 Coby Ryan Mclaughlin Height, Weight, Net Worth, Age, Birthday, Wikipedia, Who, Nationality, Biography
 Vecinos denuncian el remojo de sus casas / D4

────

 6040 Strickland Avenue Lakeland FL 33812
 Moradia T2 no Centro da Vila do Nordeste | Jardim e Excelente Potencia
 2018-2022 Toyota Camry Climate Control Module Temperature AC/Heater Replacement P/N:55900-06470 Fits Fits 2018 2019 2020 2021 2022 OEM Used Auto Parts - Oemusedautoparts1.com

────

[Work request]: Reproduce only the lines above spanning from the line containing "Coby Ryan Mclaughlin" through the line containing "Vecinos denuncian el", word for word.

[Result]:
 Coby Ryan Mclaughlin Height, Weight, Net Worth, Age, Birthday, Wikipedia, Who, Nationality, Biography
 Vecinos denuncian el remojo de sus casas / D4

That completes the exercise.